INTERVIEW-Aid key to curbing al Qaeda threat in W.Africa - US
27 Apr 2007 16:34:00 GMT Source: Reuters
By Nick Tattersall
BAMAKO, April 27 (Reuters) - Al Qaeda ideology represents a growing threat in northwest Africa and development aid, not just a military response, is key to stopping its spread, a senior U.S. diplomat said on Friday.
The Salafist Group for Preaching and Combat (GSPC), which emerged from Algeria's civil war in the 1990s, renamed itself al Qaeda in the Islamic Maghreb earlier this year and claimed responsibility for twin bomb attacks in Algiers two weeks ago.

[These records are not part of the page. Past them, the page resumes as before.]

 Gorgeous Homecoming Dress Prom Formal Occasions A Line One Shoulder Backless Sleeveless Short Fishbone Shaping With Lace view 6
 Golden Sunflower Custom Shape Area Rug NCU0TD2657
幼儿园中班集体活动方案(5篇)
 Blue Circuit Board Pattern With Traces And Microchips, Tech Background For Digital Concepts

"Traditionally the GSPC ... was seen as a group whose primary purpose was undermining or overthrowing a secular Algerian state," said Terence McCulley, U.S. ambassador to Mali, one of Algeria's southern neighbours.

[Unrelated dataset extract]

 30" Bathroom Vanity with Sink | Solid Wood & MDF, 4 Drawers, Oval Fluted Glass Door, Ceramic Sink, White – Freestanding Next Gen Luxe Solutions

"By rebranding itself as al Qaeda in the Islamic Maghreb, that does suggest a broader agenda. It suggests an acceptance of the notion of jihad and it goes beyond the boundaries of one state," he told Reuters in an interview.
In recent years the group has used the Sahel, a vast swathe of weakly-governed territory stretching through Mauritania, Mali, Niger and Chad on the southern edge of the Sahara, to train and recruit, intelligence experts and diplomats say.
The region, among the poorest in the world, is regarded as a potentially fertile recruiting ground because of high levels of youth unemployment. Some areas are still awash with arms after rebellions by nomadic groups in the 1990s.
"There is certainly still a presence here in Mali and it is a presence that we and others are concerned about, including the Malian authorities. They see it as an external element which has no place in Malian society," McCulley said.
DEVELOPMENT AID KEY
U.S. military experts have trained armies in the Sahel, including in Mali, for several years as part of Washington's Trans-Sahara Counter-Terrorism Partnership (TSCTP) to bolster military cooperation and intelligence-sharing in the region.
Algerian armed forces shot dead the coordinator and second-in-command of al Qaeda in the Islamic Maghreb on Thursday, according to the official news agency APS.
U.S. military officials have in the past said regional cooperation has led to significant strikes against the group.
McCulley said the military strategy was only part of the equation in West Africa, where the predominant form of Islam has traditionally been tolerant and open to other cultures.
"There's a recognition that if you're going to look at problems of insecurity and countering extremism in this vast trans-Saharan zone, you really need a holistic approach that focuses on military capacity-building but also on development needs and the root causes of extremism," he said.
"In the longer term, the development piece is arguably the most important: that you create economic opportunity and hope and bring people into full participation in a vibrant, moderate Muslim democracy."
Washington became Mali's largest bilateral donor in October when its Millennium Challenge Corporation approved $461 million over 5 years to reduce poverty and boost economic growth there.
It is part of a strategy Washington hopes will help maintain Mali's reputation as a tolerant democracy in a turbulent region.
"The extremist message has very little purchase here in Mali ... while there are no doubt exogenous elements who seek to preach and proselytise a more extremist version of Islam I think that has very little resonance for the large majority of Malians," McCulley said.